Gostaria de nesse momento poder fazer um adendo à sua imaginação e à história: junte nesta frase uma tombada de cabeça para o lado direito, uma franzida no nariz, uma meia piscada do olha esquerdo e claro que não poderia faltar aquele tom de voz… sabe aquele tom inquisidor? Igual quando sua mãe perguntava a respeito daquela prova que você fez questão de esconder e falsificar a assinatura para a escola...
Pois bem... perante esta pergunta nada cabível naquele momento, a princesa percebeu o que talvez estivesse acontecendo. O problema do garçom e de todos ao seu redor, seria o fato de que aquela linda princesa estaria adentrando o recinto sozinha. Como se isso fosse algum tipo de problema ou constrangimento para ela.
Com a educação que o rei e a rainha lhe deram desde seu berço de ouro, a princesa olhou para aquela pessoa em pé ao seu lado, sorriu e disse gentilmente:
- Por enquanto sim!!
No fundo, a vontade da princesa seria perguntar se haveria algum problema em jantar sozinha. Porém... não quis dar continuidade à conversa. Desta forma, apenas pediu uma bebida e novamente foi simpática com aquele que a julgava. Momentos depois, o casal que a princesa estava aguardando chegou e se juntaram para uma longa noite de boas risadas.
Moral da História:
1) A educação é bem vinda em todos os nossos momentos da vida, mesmo quando o outro está julgando ou apontando o dedo para você. A humildade pode ser mostrada através de um sorriso e de um simples olá.

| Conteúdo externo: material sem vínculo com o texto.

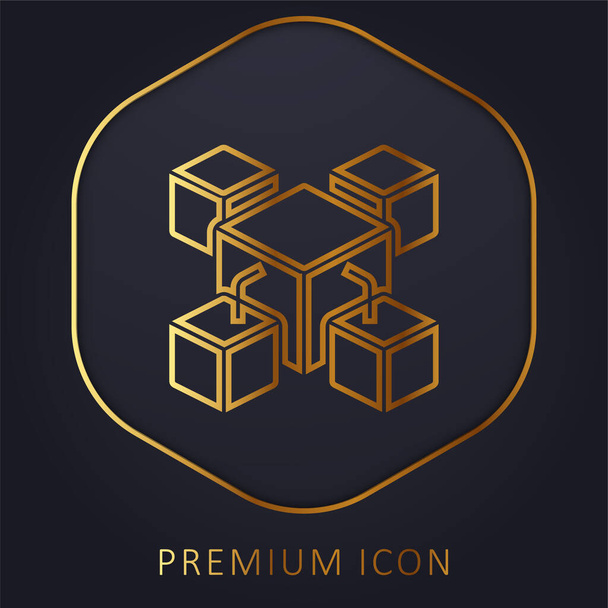 Blockchain linea dorata logo premium o icona - Vettoriali, immagini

2) Estar sozinha(o) em um ambiente social, não quer dizer que se sinta sozinha(o). Então... por que o preconceito com aquele que enfrenta e não tem medo de olhares reprovadores ou julgamentos limitados? A solidão está dentro de cada um. Se você sente solidão, provavelmente ainda não encontrou o seu eu interior e não entrou em contato com seus sentimentos verdadeiros. Podemos estar sós fisicamente, sem algum amigo presente naquele momento. Porém, podemos nos sentir cheios e repletos quando encontramos a paz interior. Muitas pessoas podem estar rodeadas de gente a todo o momento, com a casa cheia, porém podem ter a solidão como a única companheira. Nesse ponto, pergunto:
- Quem está só? A princesa no restaurante ou o anfitrião com a casa cheia e o coração vazio?